Saudi Arabia’s Public Investment Fund (PIF) has made an offer to increase its stake in Selfridges to 50 per cent. This offer follows the insolvency of the UK department store’s co-owner.
PIF, which already holds a 10 per cent share in Selfridges properties, has offered to purchase an additional 40 per cent stake for £ 1 million from Signa’s flagship property unit. This information comes from an insolvency report filed by the division of the troubled real estate and retail empire dated 15th July. The properties include prime locations on London’s Oxford Street and in Manchester.
According to the document, the Saudi wealth fund is currently conducting due diligence with the help of advisers. The remaining 50 per cent of Selfridges is owned by the Thai retail conglomerate Central Group.

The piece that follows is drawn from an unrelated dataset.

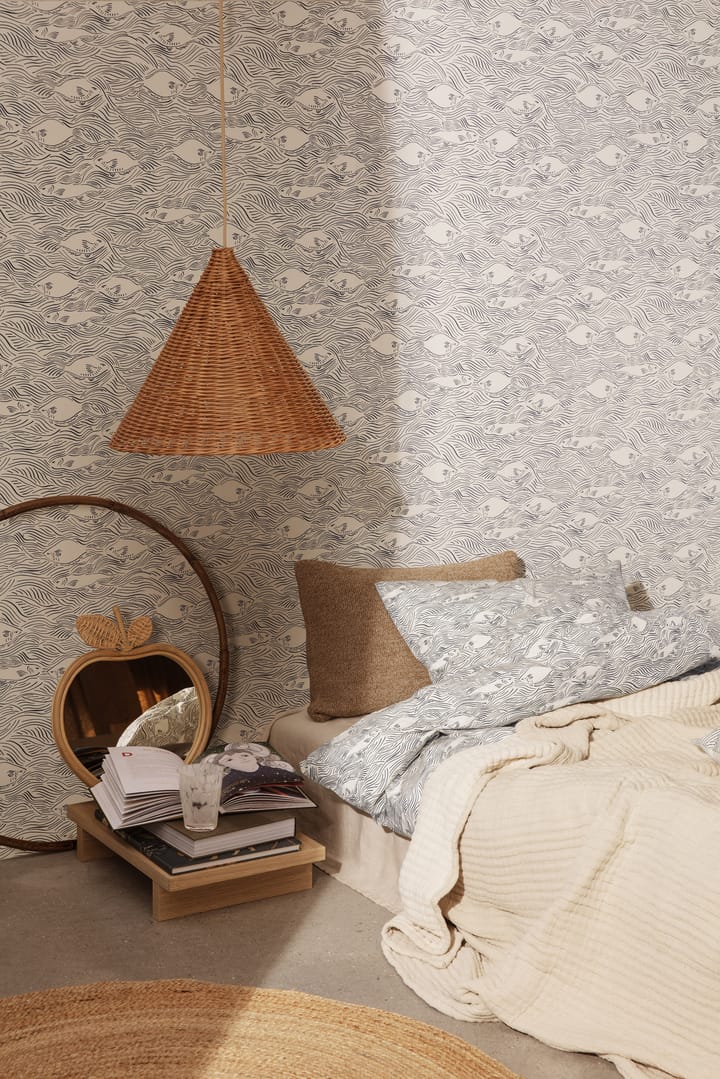 Copriletto Daze, 240x250 cm - Beige - ferm LIVING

This potential deal emerges as the extensive group of companies founded by Rene Benko is slowly unwound, following the insolvency of its key property units at the end of 2023. The Austrian tycoon had acquired the stake in Selfridges in 2022 in one of his most ambitious acquisitions, later syndicating a portion of the 50 per cent share to PIF.
As part of the deal, PIF, a creditor to Signa, would reduce its claims against the group by up to £52 million, according to the document. Additionally, Bangkok Bank, which provided the senior loan for Selfridges’ Oxford Street site, would waive certain claims against Signa Prime amounting to about € 733 million.
Previously, Signa had joint ownership of Selfridges’ operating business, which has now been taken over by Central Group.